▶ **Description of the task**
Search each line below for "sale", then return the lines where it appears.

▶ **Recorded data**
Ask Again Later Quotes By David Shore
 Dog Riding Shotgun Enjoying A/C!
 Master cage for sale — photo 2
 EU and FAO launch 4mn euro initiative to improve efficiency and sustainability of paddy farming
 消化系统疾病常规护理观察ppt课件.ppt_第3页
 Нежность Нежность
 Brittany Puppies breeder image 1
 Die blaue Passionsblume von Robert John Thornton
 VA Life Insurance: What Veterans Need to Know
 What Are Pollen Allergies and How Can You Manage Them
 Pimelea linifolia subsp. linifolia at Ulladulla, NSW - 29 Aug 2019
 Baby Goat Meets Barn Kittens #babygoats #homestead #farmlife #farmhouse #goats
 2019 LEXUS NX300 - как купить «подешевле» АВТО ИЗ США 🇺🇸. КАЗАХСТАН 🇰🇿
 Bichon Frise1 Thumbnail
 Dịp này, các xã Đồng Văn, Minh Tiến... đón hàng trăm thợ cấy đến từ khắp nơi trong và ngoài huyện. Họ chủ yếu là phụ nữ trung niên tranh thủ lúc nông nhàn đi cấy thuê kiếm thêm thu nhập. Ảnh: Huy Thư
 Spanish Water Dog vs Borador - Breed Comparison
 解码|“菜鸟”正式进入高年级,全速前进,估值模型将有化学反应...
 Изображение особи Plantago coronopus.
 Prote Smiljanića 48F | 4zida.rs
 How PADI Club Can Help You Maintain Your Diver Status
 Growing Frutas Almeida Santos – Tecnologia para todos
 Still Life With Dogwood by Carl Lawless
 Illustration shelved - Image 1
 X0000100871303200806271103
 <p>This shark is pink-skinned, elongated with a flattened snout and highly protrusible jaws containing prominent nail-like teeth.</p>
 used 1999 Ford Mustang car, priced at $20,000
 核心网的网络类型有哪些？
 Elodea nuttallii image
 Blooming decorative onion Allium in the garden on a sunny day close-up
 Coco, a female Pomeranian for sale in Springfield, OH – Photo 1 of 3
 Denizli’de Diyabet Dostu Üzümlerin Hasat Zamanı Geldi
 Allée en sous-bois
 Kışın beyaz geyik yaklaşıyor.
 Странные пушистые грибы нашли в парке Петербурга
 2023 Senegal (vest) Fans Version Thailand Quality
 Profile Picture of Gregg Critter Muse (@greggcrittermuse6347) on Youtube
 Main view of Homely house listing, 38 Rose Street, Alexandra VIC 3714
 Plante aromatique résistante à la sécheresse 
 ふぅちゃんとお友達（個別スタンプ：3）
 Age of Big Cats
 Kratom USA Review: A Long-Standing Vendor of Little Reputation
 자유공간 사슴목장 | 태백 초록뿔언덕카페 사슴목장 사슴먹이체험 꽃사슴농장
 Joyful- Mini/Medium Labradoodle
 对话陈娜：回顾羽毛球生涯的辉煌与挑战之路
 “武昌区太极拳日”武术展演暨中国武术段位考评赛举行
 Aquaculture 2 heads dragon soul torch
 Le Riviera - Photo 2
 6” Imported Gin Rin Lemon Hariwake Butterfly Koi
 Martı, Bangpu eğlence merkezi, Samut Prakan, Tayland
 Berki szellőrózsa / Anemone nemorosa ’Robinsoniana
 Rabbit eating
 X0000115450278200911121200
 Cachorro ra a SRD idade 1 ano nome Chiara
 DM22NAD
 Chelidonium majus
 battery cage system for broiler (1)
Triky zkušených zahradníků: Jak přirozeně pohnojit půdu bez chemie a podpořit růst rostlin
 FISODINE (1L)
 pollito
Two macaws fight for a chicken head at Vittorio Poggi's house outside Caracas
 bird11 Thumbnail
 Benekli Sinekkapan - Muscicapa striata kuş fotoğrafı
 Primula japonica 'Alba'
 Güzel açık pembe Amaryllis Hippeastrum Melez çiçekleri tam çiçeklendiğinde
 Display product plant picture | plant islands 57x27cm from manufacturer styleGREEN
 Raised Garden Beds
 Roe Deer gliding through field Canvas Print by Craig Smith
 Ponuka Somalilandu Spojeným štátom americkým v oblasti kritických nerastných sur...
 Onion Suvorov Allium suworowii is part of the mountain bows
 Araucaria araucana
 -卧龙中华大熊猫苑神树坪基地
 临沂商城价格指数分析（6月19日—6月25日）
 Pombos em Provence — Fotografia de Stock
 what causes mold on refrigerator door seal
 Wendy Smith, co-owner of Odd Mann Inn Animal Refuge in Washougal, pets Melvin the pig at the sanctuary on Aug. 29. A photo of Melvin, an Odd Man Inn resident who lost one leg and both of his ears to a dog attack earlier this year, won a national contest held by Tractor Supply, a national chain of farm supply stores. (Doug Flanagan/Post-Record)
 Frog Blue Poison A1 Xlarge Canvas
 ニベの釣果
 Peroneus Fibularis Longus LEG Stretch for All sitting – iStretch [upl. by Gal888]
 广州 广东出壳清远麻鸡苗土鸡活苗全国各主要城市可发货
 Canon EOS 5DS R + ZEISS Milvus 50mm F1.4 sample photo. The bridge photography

▶ **Exercise output**
 Master cage for sale — photo 2
 Coco, a female Pomeranian for sale in Springfield, OH – Photo 1 of 3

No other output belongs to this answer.